[Start of Attachment]

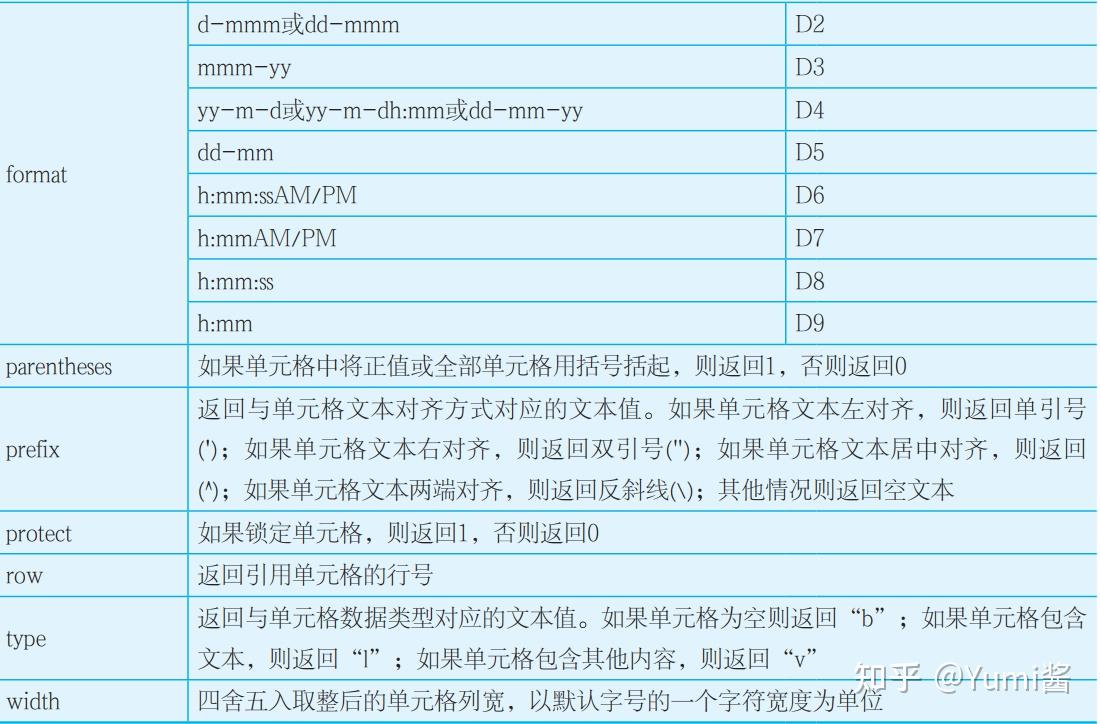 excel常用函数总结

[End of Attachment]
[Start of Attachment]

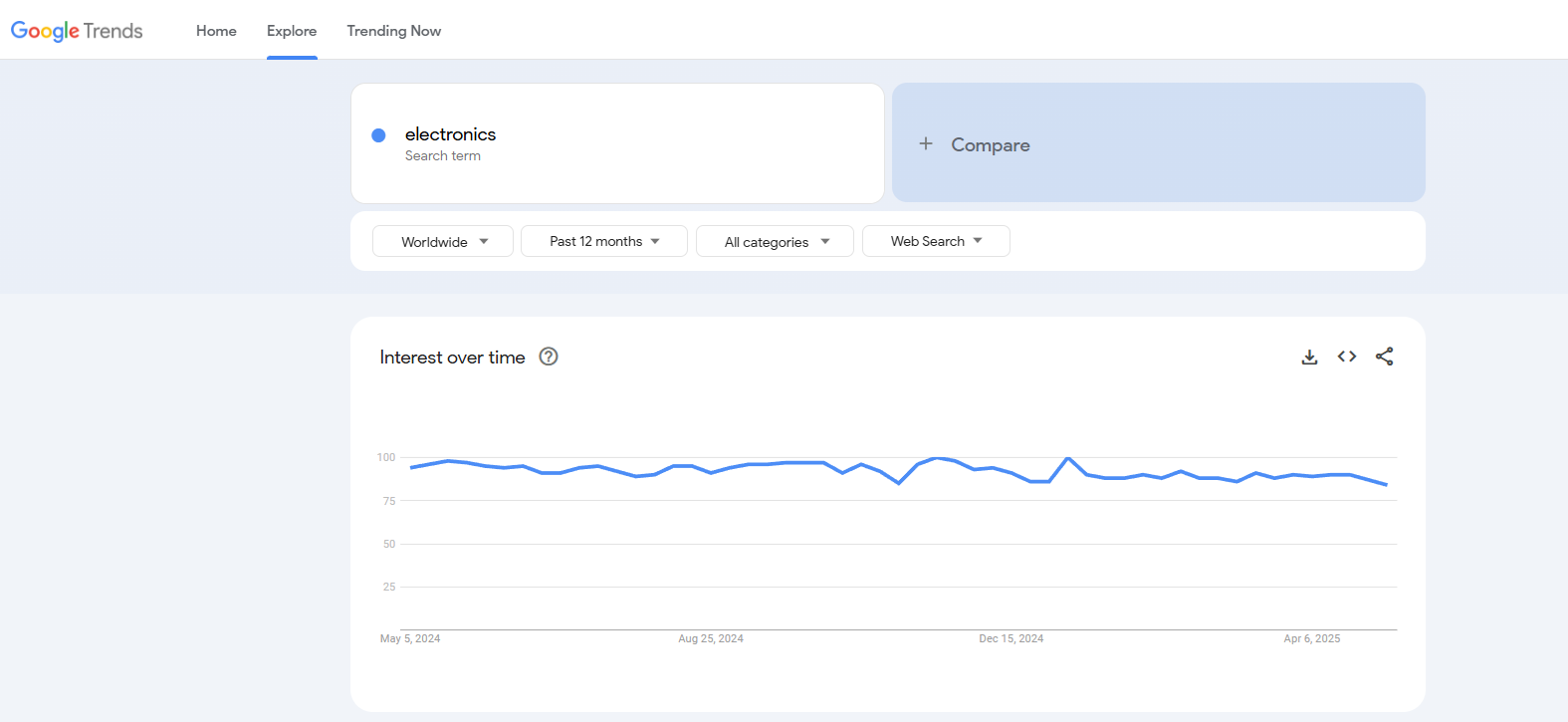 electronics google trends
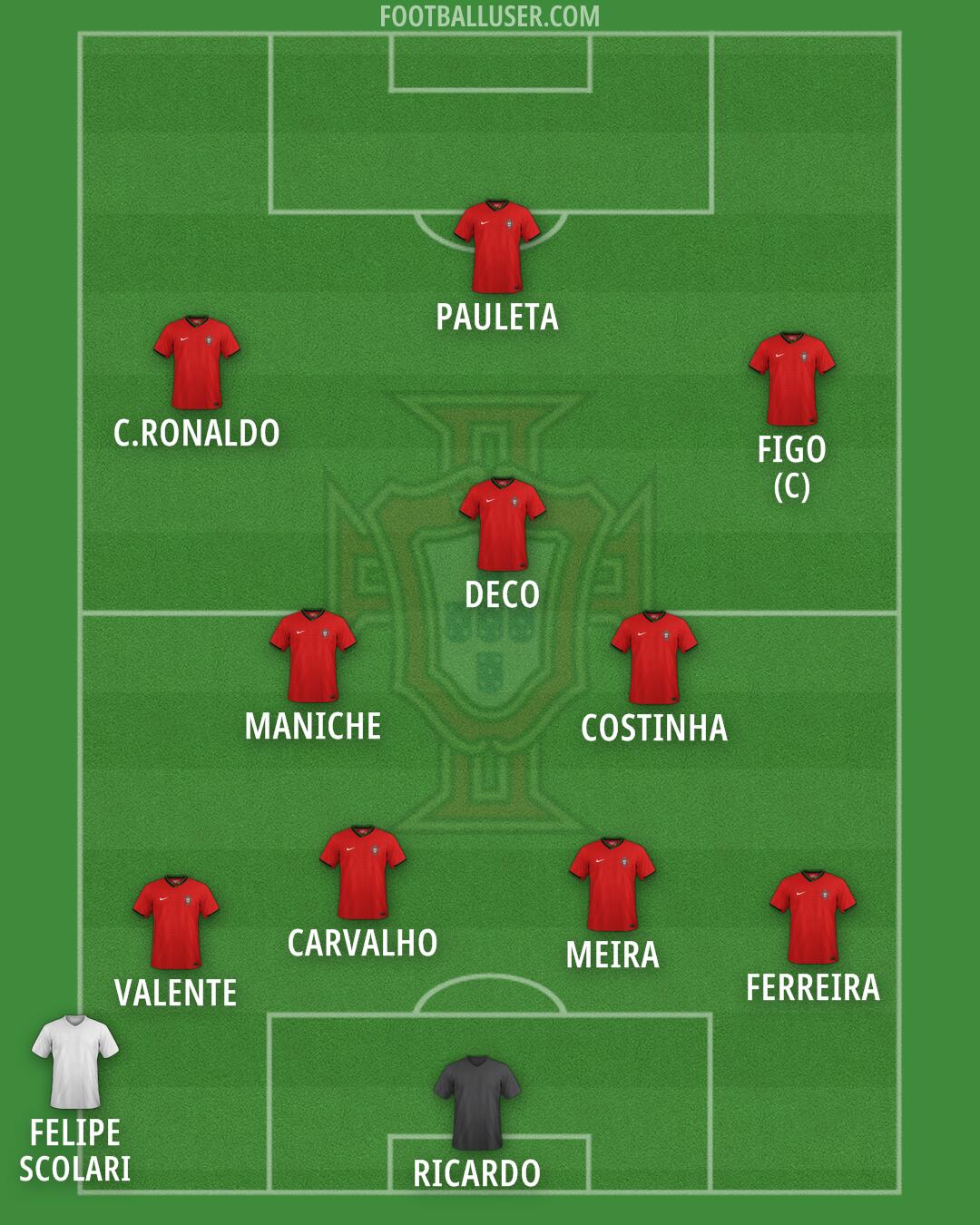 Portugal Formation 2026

[End of Attachment]

*TASK*: Range to copy from the listing above: the line containing "electronics google trends" down to the line containing "Portugal Formation 2026", both included. Reproduce it exactly, minus the pictures, and add nothing.

*TASK RESPONSE*:
 electronics google trends
 Portugal Formation 2026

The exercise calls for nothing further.